### [DATA EXTRACTS]
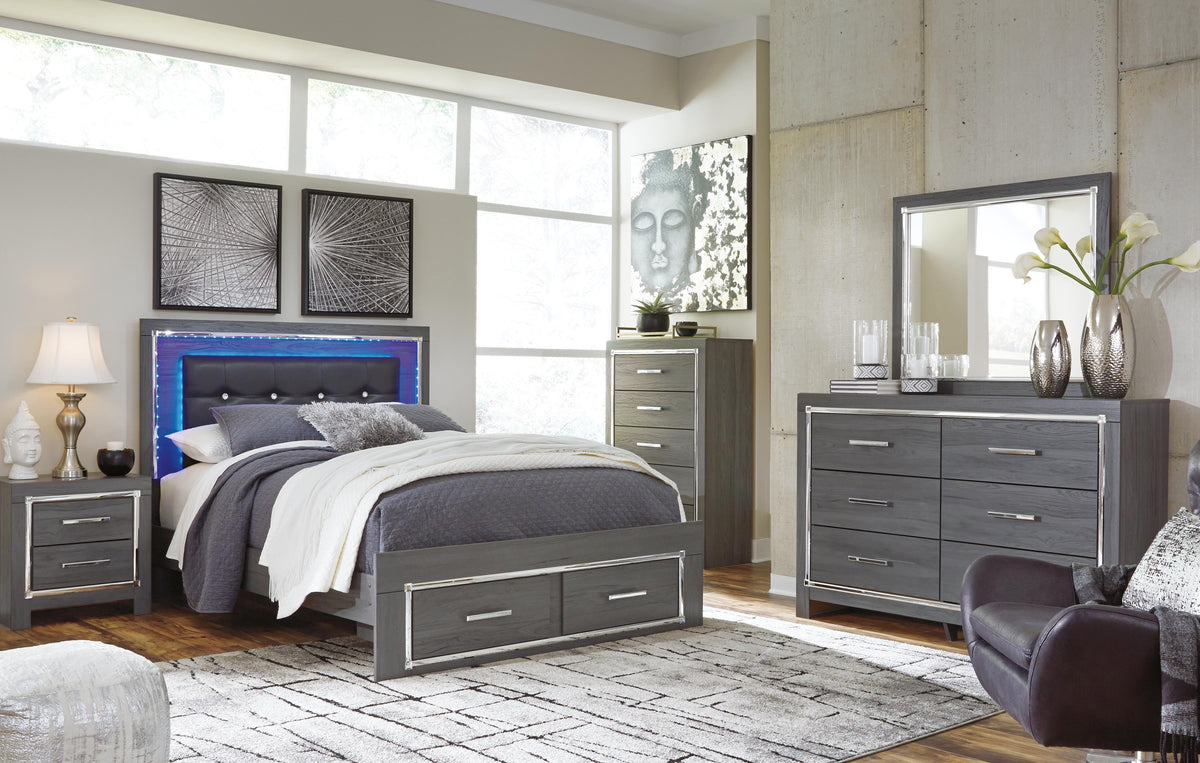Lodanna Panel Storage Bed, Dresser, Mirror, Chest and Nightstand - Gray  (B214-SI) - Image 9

---

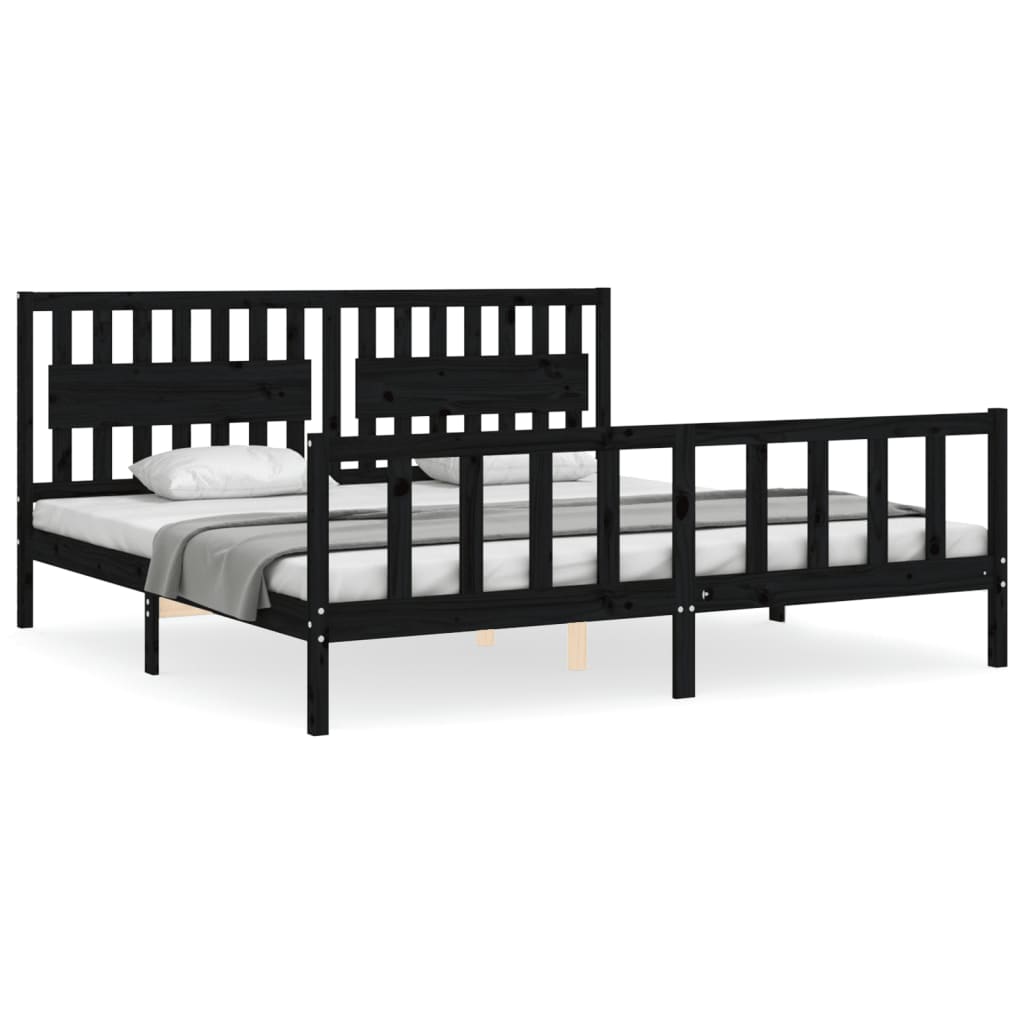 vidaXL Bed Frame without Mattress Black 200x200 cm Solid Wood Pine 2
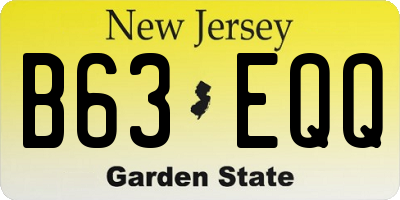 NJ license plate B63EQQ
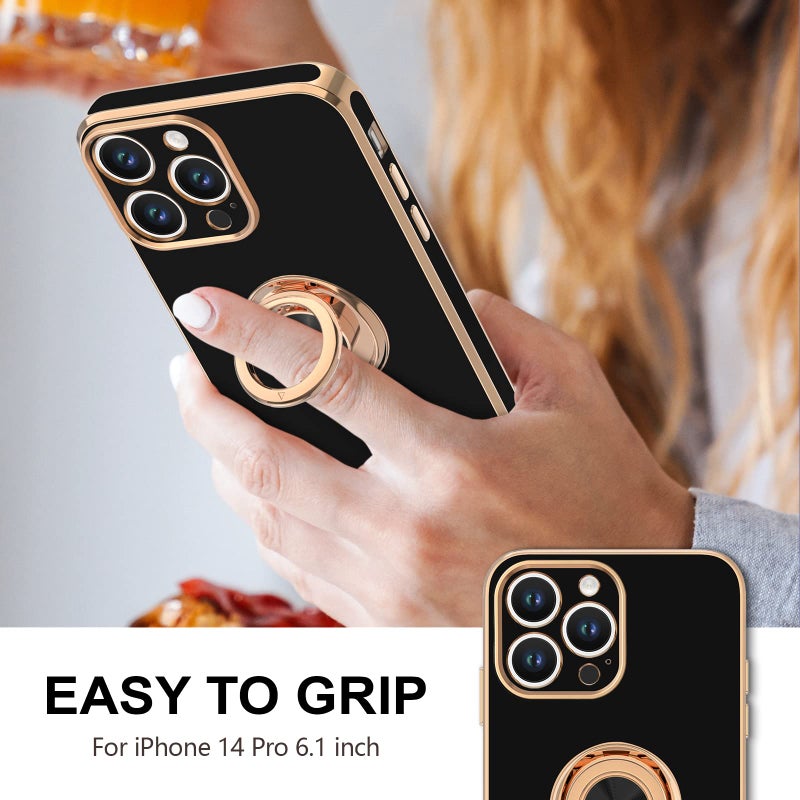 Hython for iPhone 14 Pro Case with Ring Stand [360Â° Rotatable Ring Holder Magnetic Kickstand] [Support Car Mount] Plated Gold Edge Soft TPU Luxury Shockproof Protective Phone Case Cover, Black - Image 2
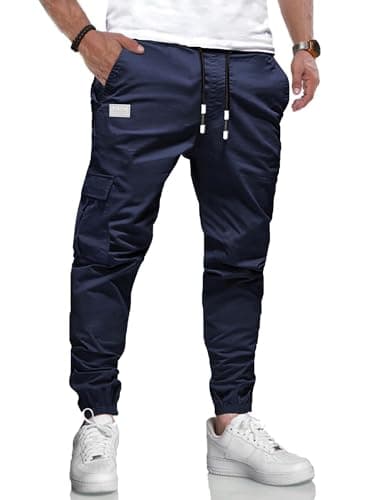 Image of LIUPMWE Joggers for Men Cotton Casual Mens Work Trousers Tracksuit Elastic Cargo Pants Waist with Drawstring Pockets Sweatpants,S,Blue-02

### [TASK INSTRUCTIONS]
Line for line, output the entries above from the line with "NJ license plate B63EQQ" to the line with "Image of LIUPMWE", both included, and nothing more. Skip pictures.

### [YOUR RESPONSE]
 NJ license plate B63EQQ
 Hython for iPhone 14 Pro Case with Ring Stand [360Â° Rotatable Ring Holder Magnetic Kickstand] [Support Car Mount] Plated Gold Edge Soft TPU Luxury Shockproof Protective Phone Case Cover, Black - Image 2
 Image of LIUPMWE Joggers for Men Cotton Casual Mens Work Trousers Tracksuit Elastic Cargo Pants Waist with Drawstring Pockets Sweatpants,S,Blue-02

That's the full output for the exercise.